- EXERCISE OBJECTIVE -
The response should repeat word for word every line below from the one with "Kejaksaan Agung melakukan" to the one with "1035 INFERNO TER SE, Leesburg, VA 20175", inclusive, and nothing else; leave pictures out.

- PROVIDED RECORDS -
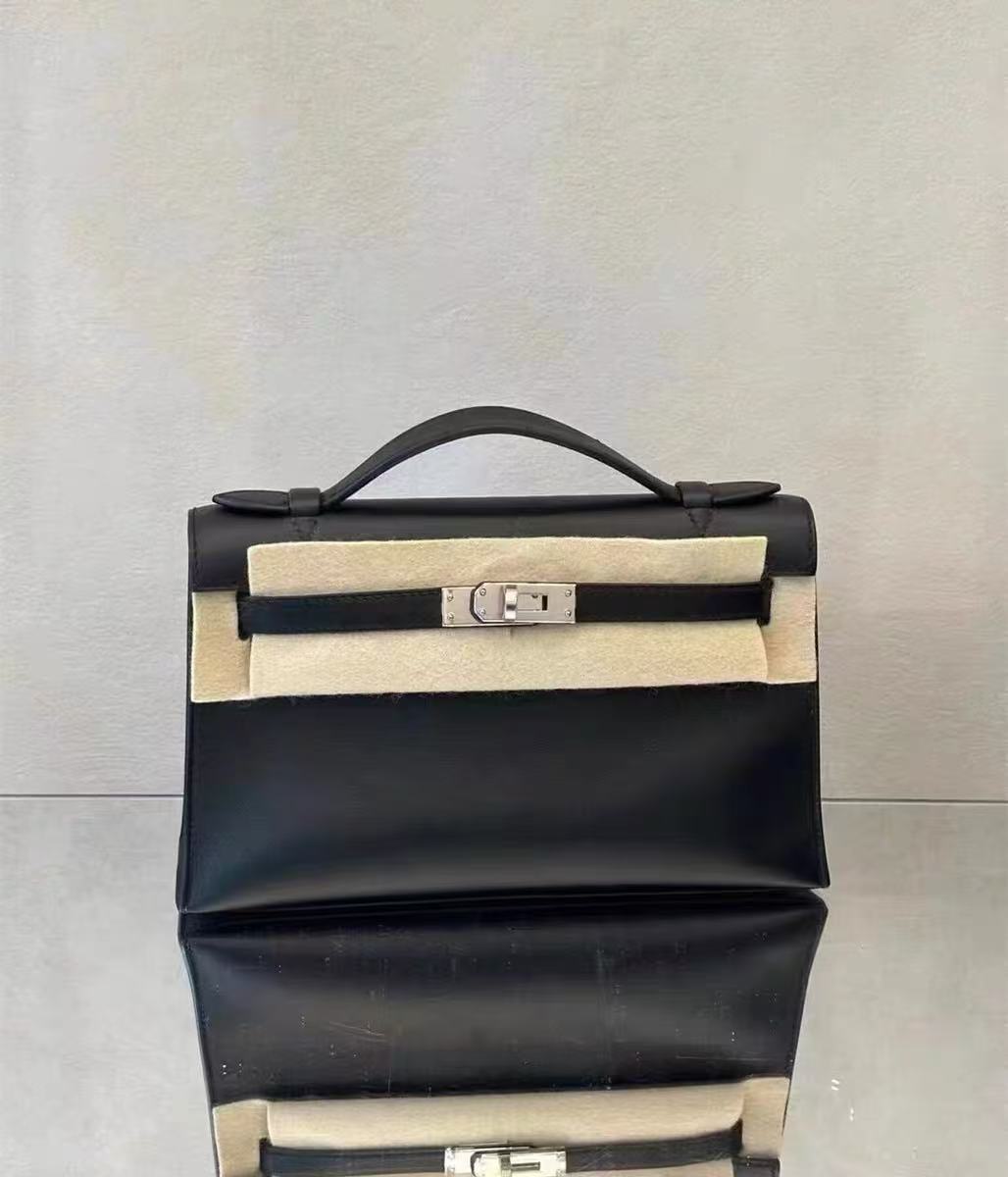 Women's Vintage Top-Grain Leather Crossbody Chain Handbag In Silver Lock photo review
...
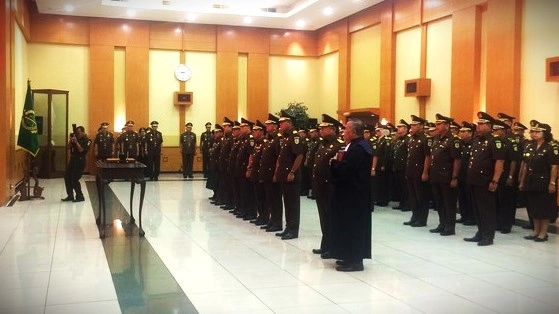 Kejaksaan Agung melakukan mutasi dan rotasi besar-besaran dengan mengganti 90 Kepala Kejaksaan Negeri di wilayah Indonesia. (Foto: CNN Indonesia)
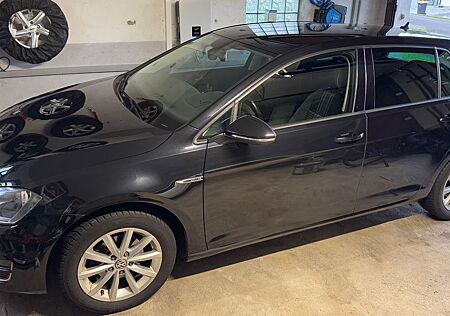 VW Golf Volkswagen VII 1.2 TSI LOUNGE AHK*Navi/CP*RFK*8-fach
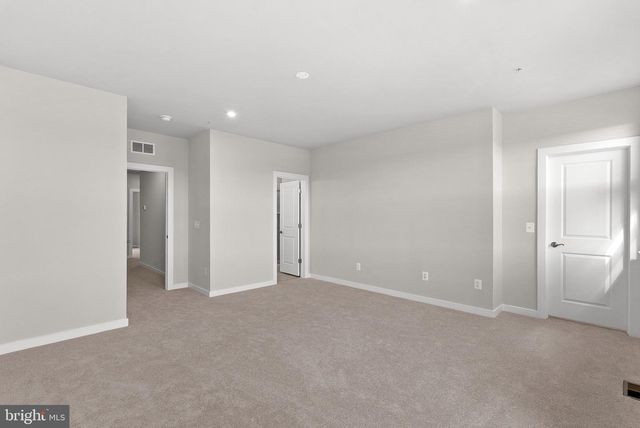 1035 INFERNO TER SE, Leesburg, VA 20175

- SOLVED EXERCISE -
 Kejaksaan Agung melakukan mutasi dan rotasi besar-besaran dengan mengganti 90 Kepala Kejaksaan Negeri di wilayah Indonesia. (Foto: CNN Indonesia)
 VW Golf Volkswagen VII 1.2 TSI LOUNGE AHK*Navi/CP*RFK*8-fach
 1035 INFERNO TER SE, Leesburg, VA 20175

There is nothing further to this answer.